Couples are weighing their options under the relaxed one-child policy
Couples are weighing their options under the relaxed one-child policy

There are variations within the system. The famous film director Zhang Yimou faces a $1 million fine for having three children (the penalty being based on annual income). China’s richest man is one of five brothers but is reportedly from a poor, rural family.   However, I found it harder to get my head around the land ownership system in China and the hukou household registration system. I would appreciate being sent any corrections and links to further information.

As I understand it, land in China belongs to the state and the rural collectives (with foreign investors not being allowed to own land). A land user can obtain the rights to use residential property for 70 years and to industrial property for 50 years ad these rights can be bought and sold.
The problem is that household registration or hukou is based on birthplace rather than place of residence.

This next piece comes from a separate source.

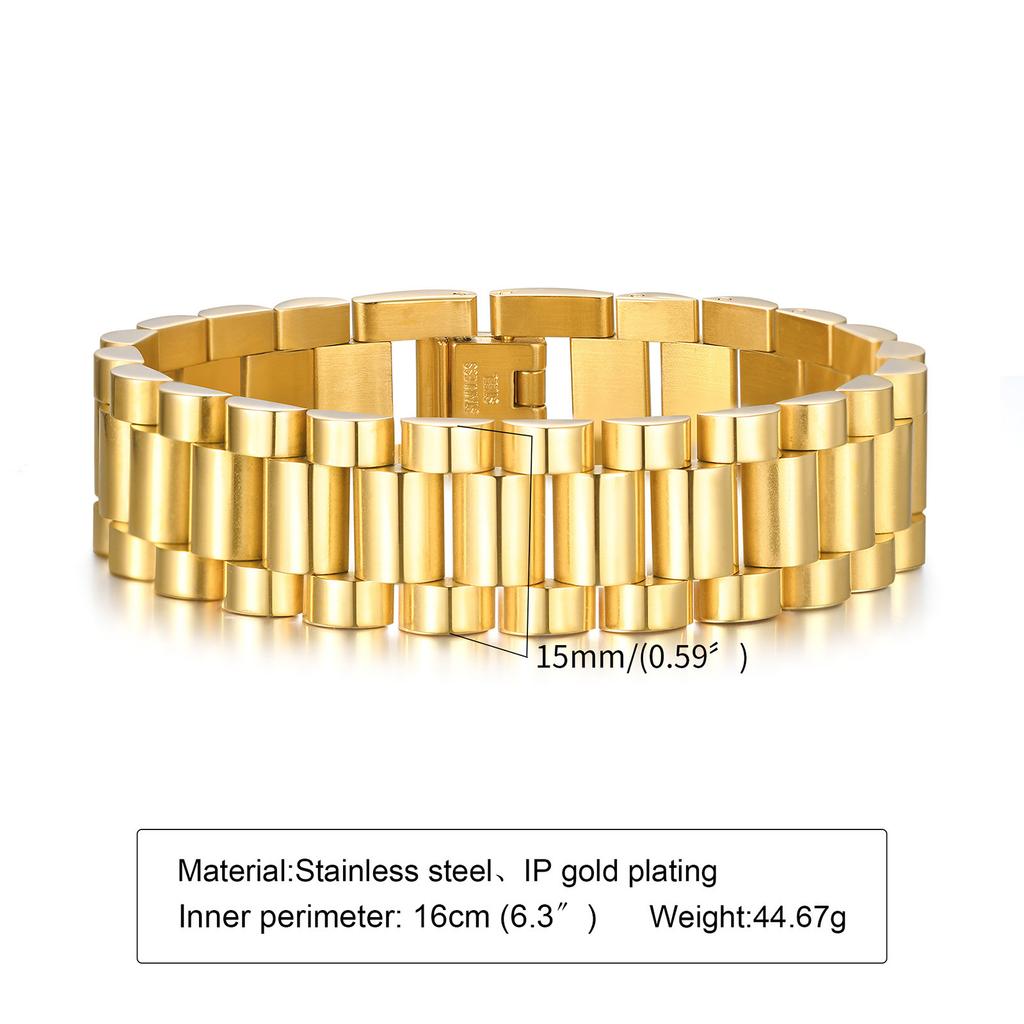 Vnox Stainless Steel Classic Watchband Bracelet For Women Men,Watch Straps Width Link Chain Bracelet Bangle,Unisex Hand Jewelry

The Economist has reported that around 270 million people, or about 40 per cent of urban dwellers, have their official hukou status in the countryside. This prevents migrant workers from getting full access to public services in the cities, and they can’t unlock the value of their leased rural property to get ahead.
An ANZ research report argued that land reform and household registration had to be changed. “The lack of clear land rights made many farmers vulnerable to land grabs by local administration by local administrations in the name of economic developments, leading to rampant local corruption and mass demonstrations,” it said. “We believe the rights given to farmers permitting their land leased to be transacted in the markets will allow farmers to capitalise on their land ownership, encourage agri-business and corporate farming, improve rural income, and facilitate China’s urbanisation.”
But that’s as far as my current understanding goes. To borrow a phrase from Deng, this first-time visitor is trying to cross a river by feeling for the stones.